Perhaps even more alien to a modern reader are the references to doctrinal disputes and theological disagreements. In The Cathedral the difference between two Anglican doctrines is central to the plot and brings about the downfall of the leading character Adam Brandon. In EH Young’s The Vicar’s Daughter, two of the main characters, both clergymen, disagree on finer points of Anglican doctrines. But it is very hard for modern readers to understand why these different viewpoints were so important or could have such an impact on the characters
The validity of the restrictions that religious and church teaching – particularly those of the non conformist denominations or “chapel”- place on people’s behaviour is also a recurring theme. In The Adventures of Bindle there is much challenge to the Chapel teaching on the evil of drink. In Carnival, Compton McKenzie satirises the heroine’s great aunts who were “ happy in the exclusiveness of their religion not from any conscious want of charity, but from the exaltation aroused by the privilege of divine intimacy and the joyful sense of being favourites in heavenly places”
In The Rosemary Tree the characters won’t confront bullying for fear of being rude and unchristian and in The Cathedral Brandon’s daughter abandons her future out of a sense of family duty to her bullying father.

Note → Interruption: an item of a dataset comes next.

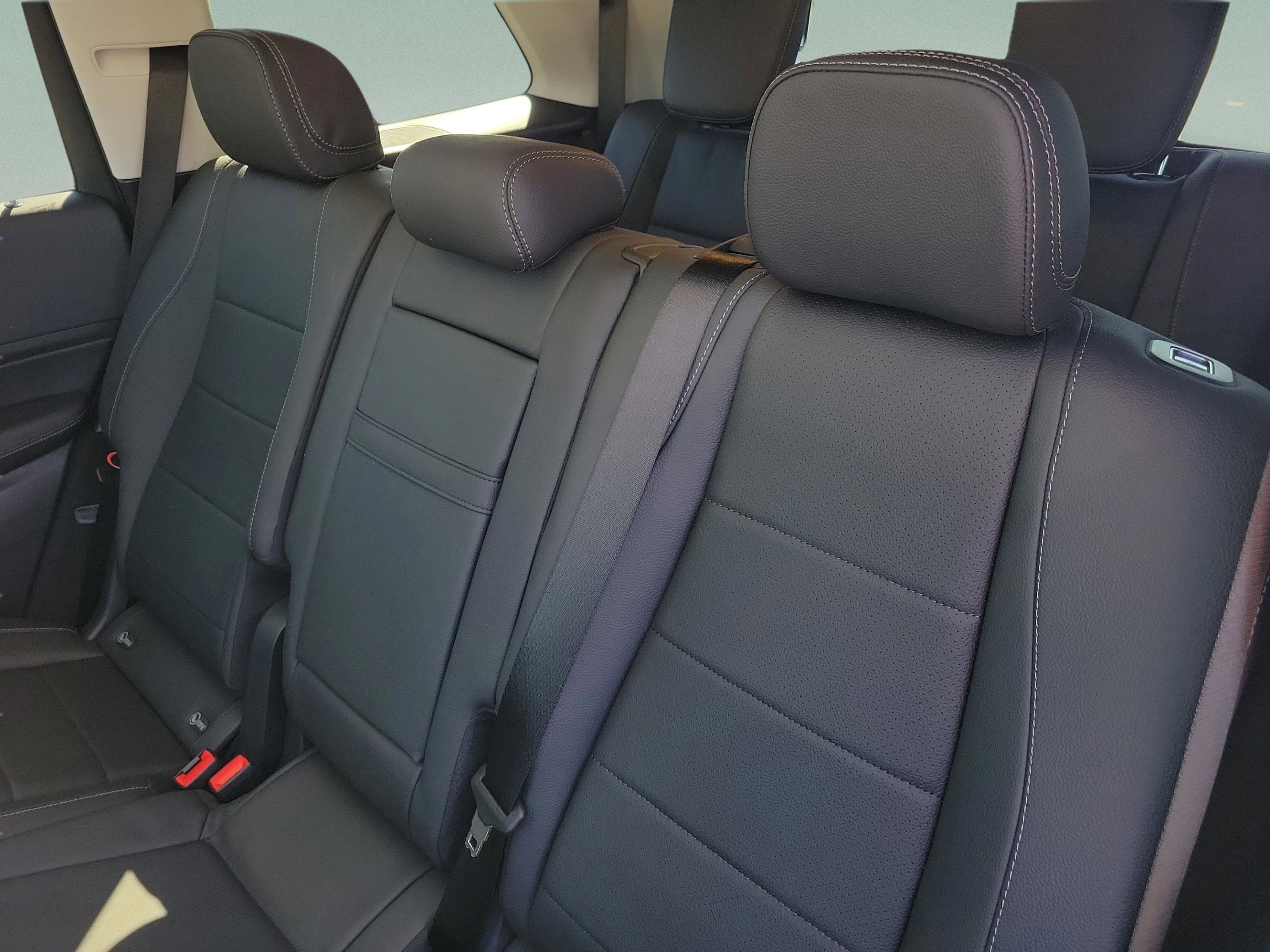 Certified 2026 Mercedes-Benz GLS 450 4MATIC image 8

Perhaps the most common theme in the books I read was religious teaching on sexual morality – particularly sex before marriage and female sexual morality. This theme was central to the plot in Miss Mole, The Vicar’s Daughter, and Compton McKenzie’s Carnival. At the end of Carnival, Trewllha, who believes his wife has been unfaithful, kills her. “You witch,” He cried. “How have ‘ee the heart to make me so mad? But I deserve it. Oh God Almighty, I deserve it. I that went a-whoring away from my own country… I took a bride from the Moabites,” he moaned. “I forsook Thy paths, O Lord and went lusting after the heathen.”
Sexual morality is also an important theme in The Rosemary Tree and The Cathedral. Michael Arlen’s Young Men in Love (1927) has very little about religion or the church in, but sexual morality is central to the plot. Attitudes to sex before marriage and even infidelity have changed such a lot in the last 60 years that their huge significance in these novels may seem anachronistic these days.
Of course some novels from the first half of the 20th Century and before, set in and around the church are still enjoyed today – Trollope for example or many of Barbara Pym’s novels. But Trollope and Pym’s stories transcend the times and cultures they are set in and have something to say about the human condition that still has resonance with today so remain popular. With some of the middlebrow novels, whilst they had a lot to say to their contemporary readers don’t have lasting relevance.
Nevertheless, for those of us interested in how society has changed in the twentieth century, these middlebrow novels provide a fascinating insight into how our world was changing as conventional morality and beliefs, including the role of women were challenged.